**Instructions to follow:** Begin at the line that has "5 bedroom, 4", stop after the line that has "For sale Pouilly-en-auxois", and print exactly those lines from the records below, without any pictures.

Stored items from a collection
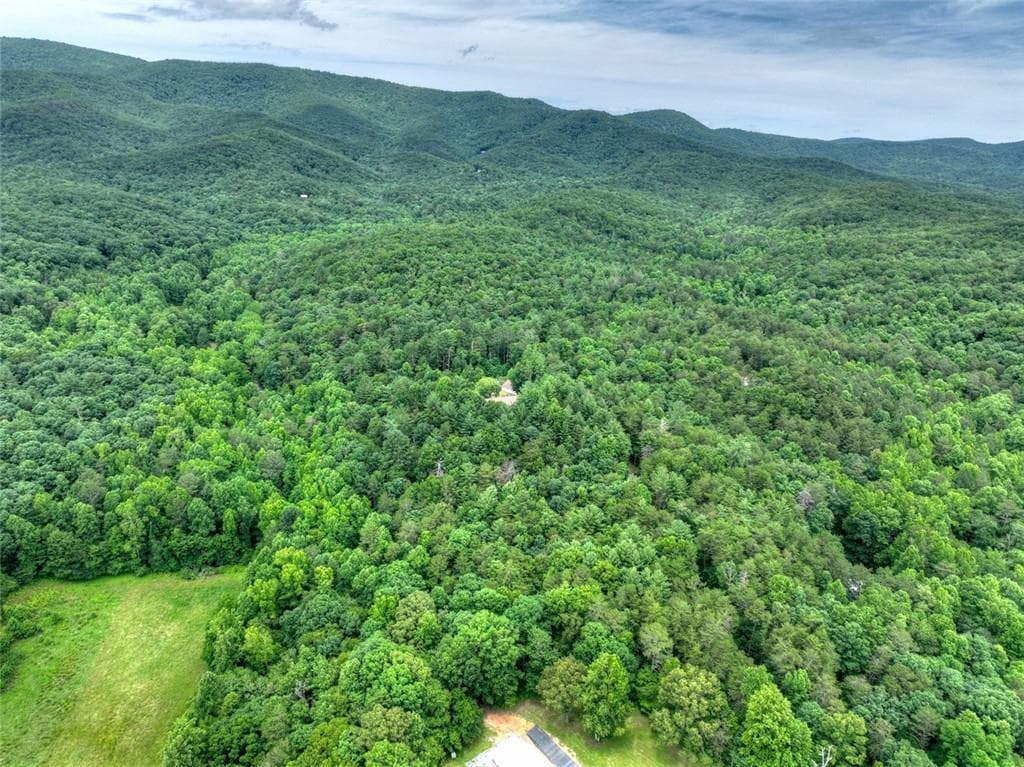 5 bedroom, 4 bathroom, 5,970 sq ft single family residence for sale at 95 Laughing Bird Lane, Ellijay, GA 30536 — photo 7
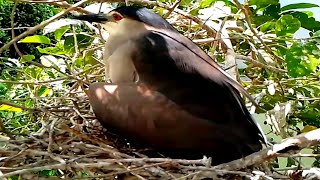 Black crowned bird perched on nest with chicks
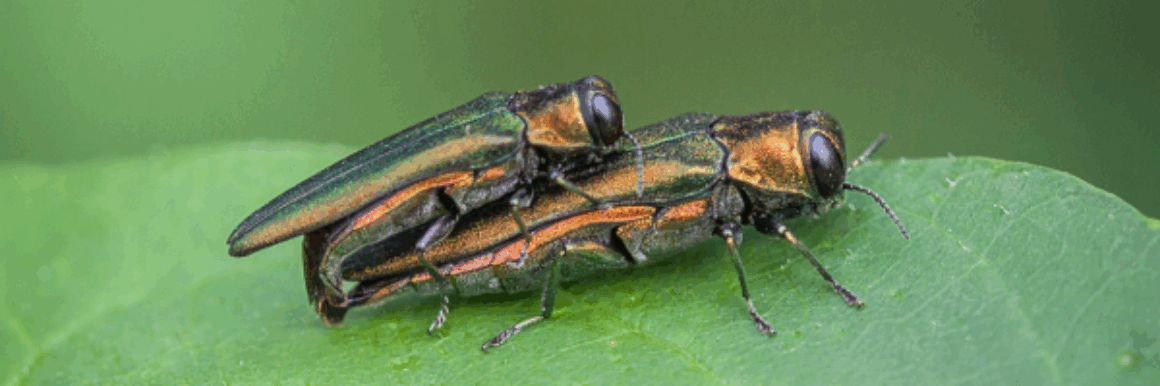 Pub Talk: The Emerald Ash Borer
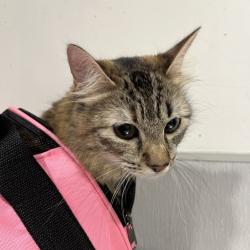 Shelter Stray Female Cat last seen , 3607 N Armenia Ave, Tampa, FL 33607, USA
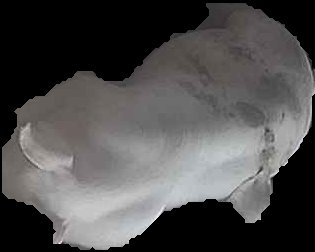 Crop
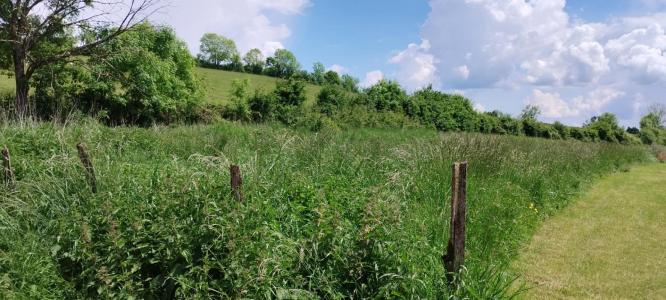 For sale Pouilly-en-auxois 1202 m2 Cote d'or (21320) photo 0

---

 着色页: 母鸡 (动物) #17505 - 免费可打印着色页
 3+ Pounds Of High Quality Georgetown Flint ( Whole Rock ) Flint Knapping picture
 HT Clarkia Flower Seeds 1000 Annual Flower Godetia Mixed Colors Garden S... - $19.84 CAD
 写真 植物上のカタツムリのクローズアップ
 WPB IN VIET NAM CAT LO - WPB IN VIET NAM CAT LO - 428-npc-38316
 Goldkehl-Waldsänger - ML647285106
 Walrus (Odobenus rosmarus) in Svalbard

**Task solution:**
 5 bedroom, 4 bathroom, 5,970 sq ft single family residence for sale at 95 Laughing Bird Lane, Ellijay, GA 30536 — photo 7
 Black crowned bird perched on nest with chicks
 Pub Talk: The Emerald Ash Borer
 Shelter Stray Female Cat last seen , 3607 N Armenia Ave, Tampa, FL 33607, USA
 Crop
 For sale Pouilly-en-auxois 1202 m2 Cote d'or (21320) photo 0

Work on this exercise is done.